We just went for the afternoon and evening. The Blind Boys of Alabama played and Paul Brady played with his full band and much, much more.
After Paul Brady, they cleared the stage completely. We were waiting for them to start bringing on the next lot of gear, amps drums and all the rest, but all the roadies brought out was a table with little drawers on it. “What this” I thought. It was like a scene from one of Flan O Briens books. Then two mic stands, pretty stripped back compared to rest of the acts.
Then out came Gillian and David, casual as you like. They had a guitar each, Gillian with her 1956 Gibson J-50 acoustic and Dave with a little acoustic with F holes, the Epiphone Olympic 1935 with a carved archtop, no sound hole!
We were near the front in the middle, between the PA speakers and there they were just the two of them in the middle of the stage.

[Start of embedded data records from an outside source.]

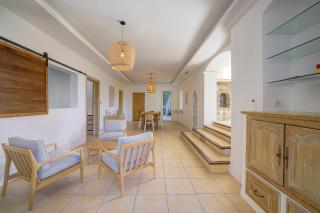 Villa rénovée- Vue mer- Centre de Cannes - Cannes - 6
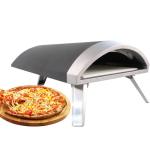 Cheap price indoor outdoor kitchen freestanding bakery portable pizza oven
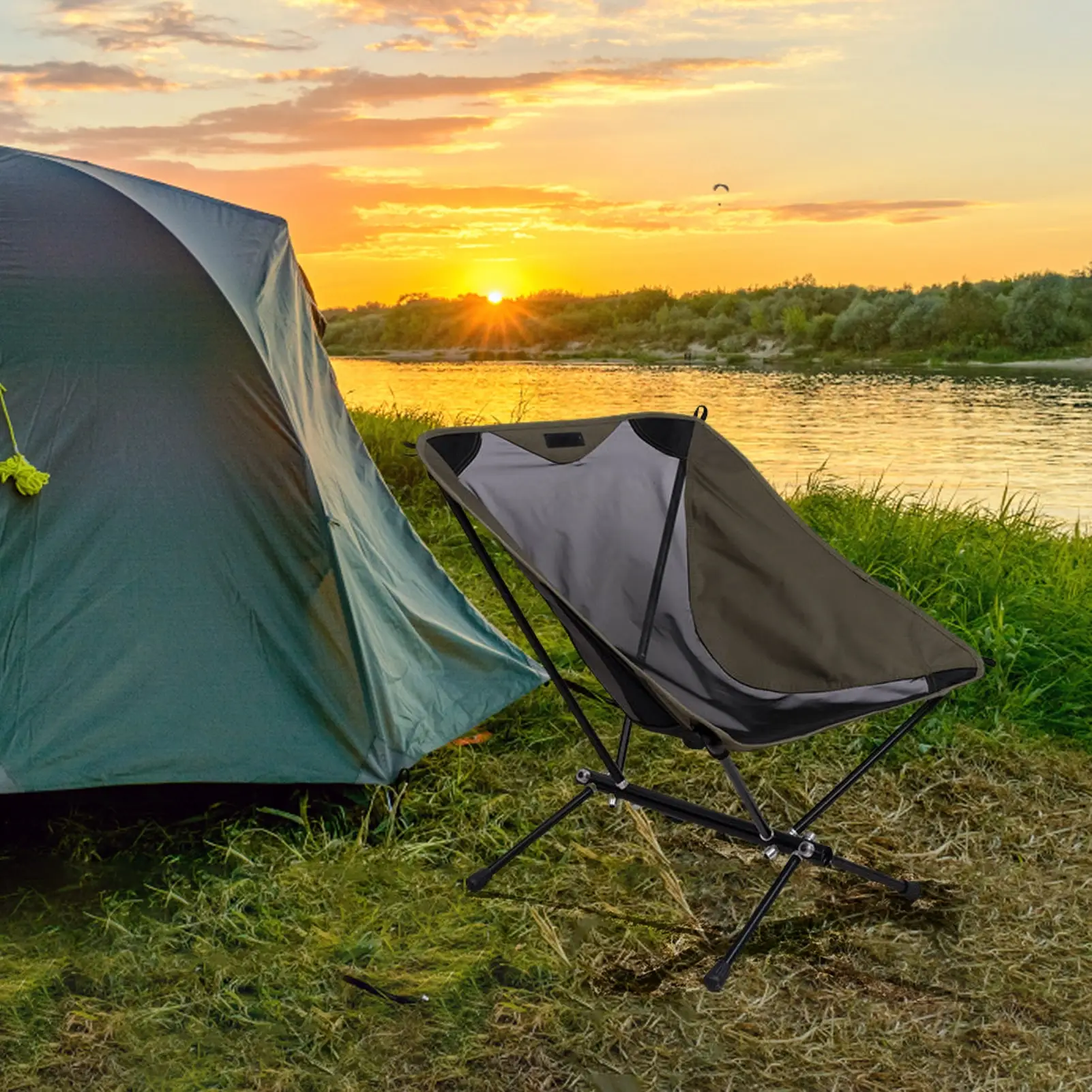 

Складные стулья для улицы, Легкий стул для кемпинга, портативные компактные стулья, складной рюкзак, стул для кемпинга, пикника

Then they started, (I can’t remember the set list) but the minute they started playing, the hair stood on the back of my neck. I was never a massive fan or anything, just heard of Gillian through my partner. The music been, Appalachian music, Bluegrass and Americana.
I remember the sound hopping back and forth through those speakers, the honeyed vocals from the two and harmonies that made the birds stop to listen. The sound from David’s little guitar was so sweet. He started to play some lead guitar into her playing and Gillian with her head down just listening and tapping her right foot in Gillian Welch style. I couldn’t believe my ears. “What’s going on”? I said to myself. I’ve been to lots of gigs in my time but for just two people they blew my mind. Dave’s lead guitar was just popping in and out, as she did a down strum he seemed to be doing an up stroke and the sound was going from speaker to speaker, left and right. The two so synchronized, incredible for just two people. I thought he was going to snap that little guitar, the way he was playing, really going for it.
I looked at my partner and she had tears, so had I, the tears of joy at the amazing sound, it just brought out emotions. My partner was singing along with the songs, I could hear her harmonizing with them. “This sound is just so amazing” I thought.
They played Miss o’ Hio, and Rawlings guitar accompaniments seemed to be delayed; he was coming in slightly behind Welch as she sang.
Impeccable timing, they complemented each other so well. As someone said, “they are the peanut butter and chocolate of America”, they were the jelly and ice cream that evening for me.